Sitting in different rooms in my house, I notice how it is more like a musical score than a physical space. When I hear a door creek I know what door it is, when I see the light change on the wall I know a cloud sails in front of the sun. The corners of the room have ghosts: #birthday balloons in April for my sister and I, holly bush in #December, green palm branches for #Easter.
The house I will loose is not a house that gives me refuge in the present, but rather a place that gives me access to the past: an architecture to solicit a sense memory of earlier days: sitting with my dogs against the #Aga in the kitchen, #reading. Lying in my bedroom, hearing my mother’s heels staccato on the tile hall floor. Hearing the same sound, years later, when my sisters came of age. My father humming an #Irish folk song as he walks up the hallway.
When a couple get married or a child is born, well-wishers frequently talk of new starts and new chapters opening. Maybe the same can be said of the sale of a home. Aside from what is lost, what can be gained? More harmony for my parents as individuals? Freedom for my mother from the memories that cling to her (she has lived in the house for over sixty years)? Or maybe without the house as an anchor, the sense of family will dissipate even more?
It’s difficult to speak about these things as a family, particularly in detail. In order to survive we went silent on certain topics years ago. I’m not sure what is ultimately worse: arguments or total silence. I think that both bring their own form of stress and sadness. A friend of mine recently told me about #YomKippur, which I had never heard about. My friend talked about ringing her family and friends once a year and asking for forgiveness for anything she may have done to unintentionally hurt them throughout the preceding year.

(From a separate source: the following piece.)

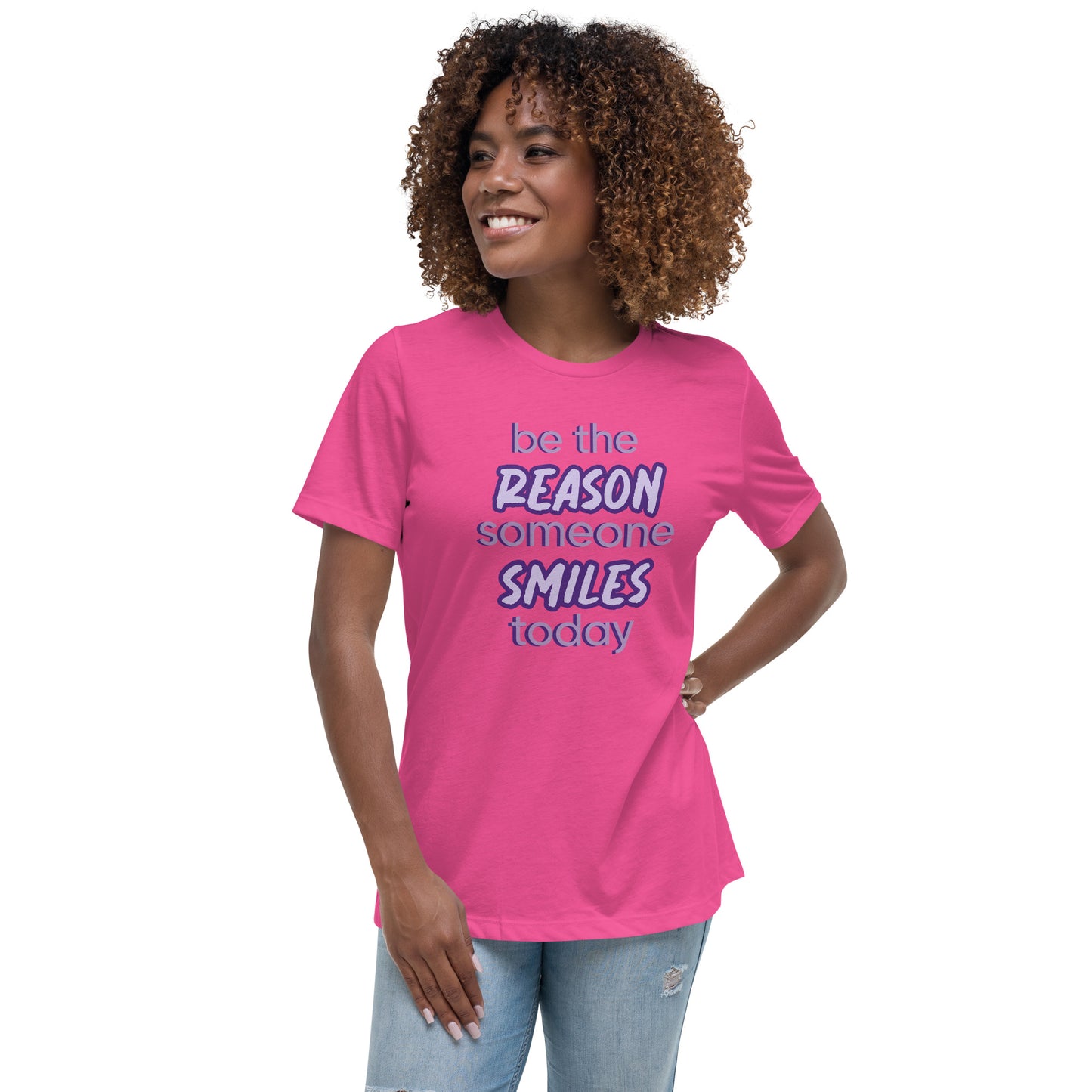 Woman with berry T-shirt and the quote "be the reason someone smiles today" in purple on it.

This concept blew my mind. I wondered if things with my Irish Catholic family (or your family?) might have been different if years ago we had all just asked forgiveness of each other and had the opportunity to start afresh every year. I know it doesn’t work as simply as this, but it struck me as a practice worth considering in the future. Sometimes in life you feel you’ve floated so far away from the shore that no one can hear you. I feel that way sometimes when I think of the past and forgiveness and moving on. I feel that forgiveness and moving on are on the shore and I am out at sea.
Returning to my first sentence: if I find myself when I come home, then once my home is sold, there is a piece of me that will be forever lost, and if I lose myself then once my home is sold I reduce the chance of losing myself in the future. I guess none of this would matter if I had managed to create a new home for myself already. Even the ‘home’ I have in London is on the market because the landlord has grown too old to manage it. In London you’re only ever just a body passing through a room.
Maybe home isn’t that important. Maybe instead of home we should be talking about space. Space that makes you better, safer, happier, a space you carry with you, that you can own and that doesn’t toy with your feelings or expectations like the word ‘home’ does. It is unfair to assume that just because the homeless or the immigrant are not living where they came from, that their lives should be considered somehow tragic, or that they should be considered less. I’m an emigrant in Ireland, an immigrant in London and homeless in both, but I don’t think that I am less than.